Coopération et souveraineté D'environ 40 pages, le "favorise la coopération internationale en matière de migration entre tous les acteurs compétents, sachant qu'aucun État ne peut gérer seul la question des migrations". Il "respecte la souveraineté des États et les obligations que leur fait le droit international". "Les migrations ont indéniablement des répercussions très différentes et parfois imprévisibles sur nos pays ainsi que sur les communautés et les migrants et leur famille". Mais "il est crucial que nous ne nous laissions pas diviser et que nous restions unis face aux difficultés que posent les migrations internationales et aux occasions qu'elles offrent". "Les migrations font partie intégrante de la mondialisation, reliant entre elles les sociétés d'une même région et d'une région à l'autre et faisant de nous tous des pays d'origine, de transit et de destination", affirme aussi le document.

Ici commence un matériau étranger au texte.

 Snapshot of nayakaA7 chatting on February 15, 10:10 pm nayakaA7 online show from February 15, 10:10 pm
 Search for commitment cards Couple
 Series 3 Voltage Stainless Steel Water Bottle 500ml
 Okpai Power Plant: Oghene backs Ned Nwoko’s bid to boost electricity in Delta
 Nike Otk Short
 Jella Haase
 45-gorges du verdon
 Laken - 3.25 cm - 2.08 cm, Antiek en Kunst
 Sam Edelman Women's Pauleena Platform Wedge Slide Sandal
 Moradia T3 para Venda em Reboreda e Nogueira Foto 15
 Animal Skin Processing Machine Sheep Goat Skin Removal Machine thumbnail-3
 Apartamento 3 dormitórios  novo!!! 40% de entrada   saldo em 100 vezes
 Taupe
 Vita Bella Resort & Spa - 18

Objectifs du pacte "Grâce à cette démarche globale, nous comptons faciliter des migrations sûres, ordonnées et régulières, tout en réduisant l'incidence et les répercussions négatives de la migration irrégulière grâce à la coopération internationale et à l'ensemble de mesures proposées dans le présent Pacte mondial". "La migration ne devrait jamais être un acte désespéré. Lorsque c'est le cas, nous devons coopérer en vue de répondre aux besoins des migrants en situation de vulnérabilité et de résoudre les problèmes qui se posent. Nous devons oeuvrer de concert pour créer des conditions qui permettent aux communautés et aux individus de vivre en sécurité et dans la dignité dans leur propre pays". Le Pacte détaille 23 objectifs. Parmi eux: "lutter contre les facteurs négatifs et les problèmes structurels qui poussent des personnes à quitter leur pays d'origine", "sauver des vies", "renforcer l'action transnationale face au trafic de migrants", "ne recourir au placement en rétention administrative des migrants qu'en dernier ressort", ou "assurer l'accès des migrants aux services de base".
Mise en œuvre "Nous mettrons en œuvre le Pacte mondial en coopérant aux niveaux bilatéral, régional et multilatéral et en donnant un nouveau souffle au partenariat mondial, dans un esprit de solidarité", indique le texte. "Nous décidons, en nous inspirant des initiatives existantes, de créer un mécanisme de renforcement des capacités au sein du système des Nations unies, dont le rôle sera d'appuyer les efforts déployés par les États membres pour mettre en œuvre le Pacte mondial". Les signataires s'engagent aussi à créer "une plateforme mondiale de connaissances qui servira de source publique de données en ligne" sur les migrations, ainsi qu'un "réseau des Nations unies consacré aux migrations" confié à l'Organisation internationale pour les migrations.